Tengo una caja donde deposito libros “de salida”.
Las razones para dejar allí un ejemplar son muchas: desde haber adquirido una nueva/mejor edición, hasta considerar, objetiva pero subjetivamente, que aquel libro no es tan bueno como para permanecer en mi biblioteca, o para merecer una eventual relectura.
También está la consideración práctica de que siempre hace falta lugar para poner los nuevos libros que compro o recibo… y que exigen más espacio que el disponible en mi cabecera o junto a la silla de lectura.
Más o menos un día al mes hago recuento (con personal y chancha glotonería) de las lecturas pendientes, las terminadas y las nuevas adquisiciones. Así llega el momento de la ofrenda a las musas, a los dioses del ocio o como quieran llamarlo.
Mi compromiso es tomar entonces al menos un libro de la biblioteca y ponerlo en la caja. A veces puede ser el que acabo de terminar; a veces, al hacer espacio encuentro algún candidato. El reto de este año es que la caja reciba tantos libros como mi lista de lecturas, más para darme una idea del ritmo de sustitución que para cumplir una meta de desalojo.
Hace un par de años creía que esa caja de salida no era más que un limbo para libros a la espera del complicado proceso de trueque en la librería de viejo, o una estación en el camino a la biblioteca pública. Luego descubrí que las librerías de viejo son quisquillosas y avarientas, y que las bibliotecas públicas simplemente arrumban los libros por meses (y hasta años) antes de ponerlos a disposición de los lectores.

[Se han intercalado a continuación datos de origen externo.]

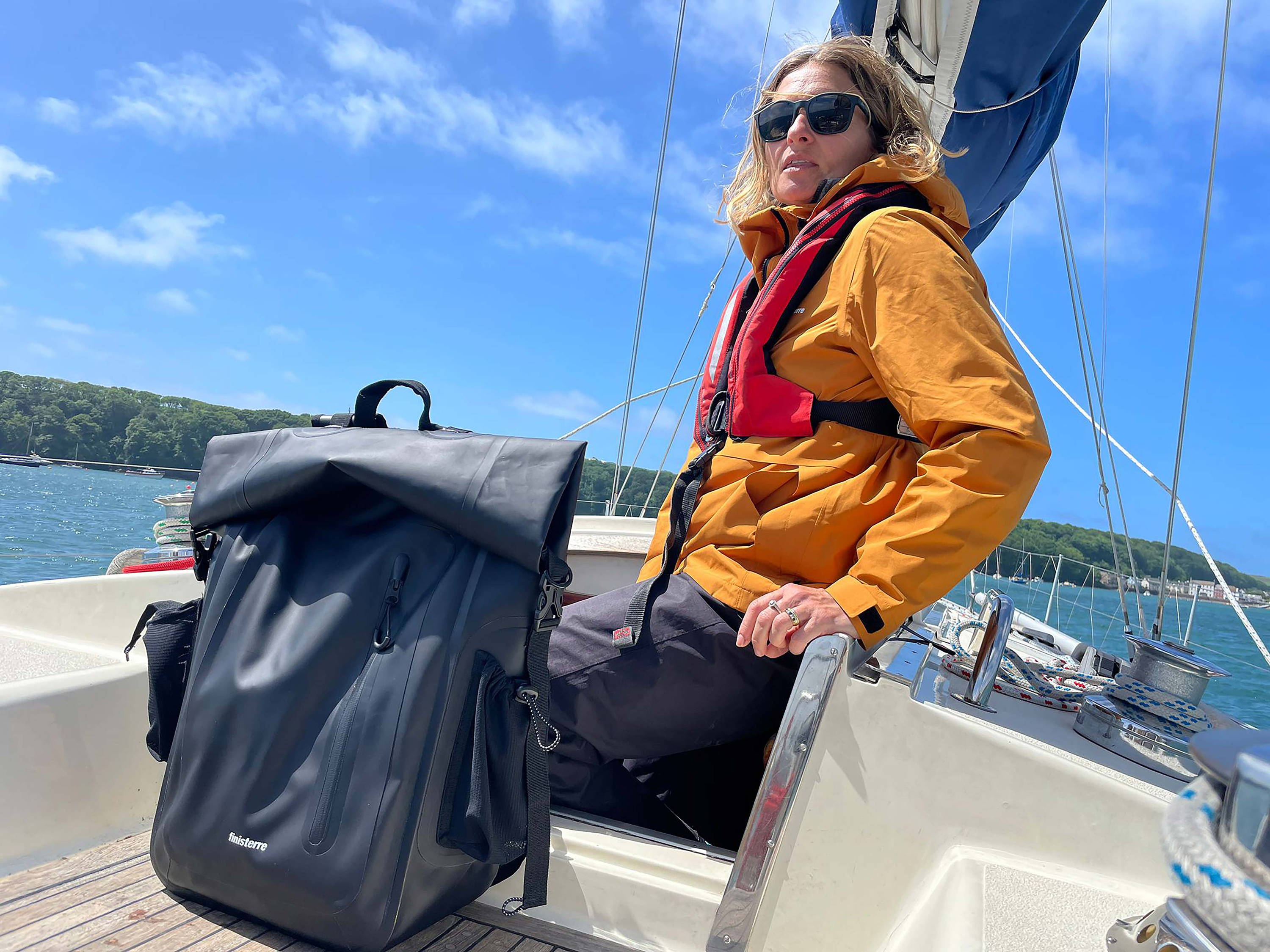 Dr Jo Henley on deck wearing a Finisterre Rainbird and Drift waterproof bag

La mayor sorpresa fue darme cuenta de que no falta quienes aprovechen la caja: la familia, los amigos y hasta algunos visitantes ocasionales, al enterarse del propósito de la caja, no han tenido reparos en “adoptar” un libro. Como muchas veces ellos mismos -en los cumpleaños u ocasiones similares- contribuyen al crecimiento de mi biblioteca, me parece que la caja de salida cierra el ciclo de un modo provechoso, ecológico y lleno del respeto que las musas merecen.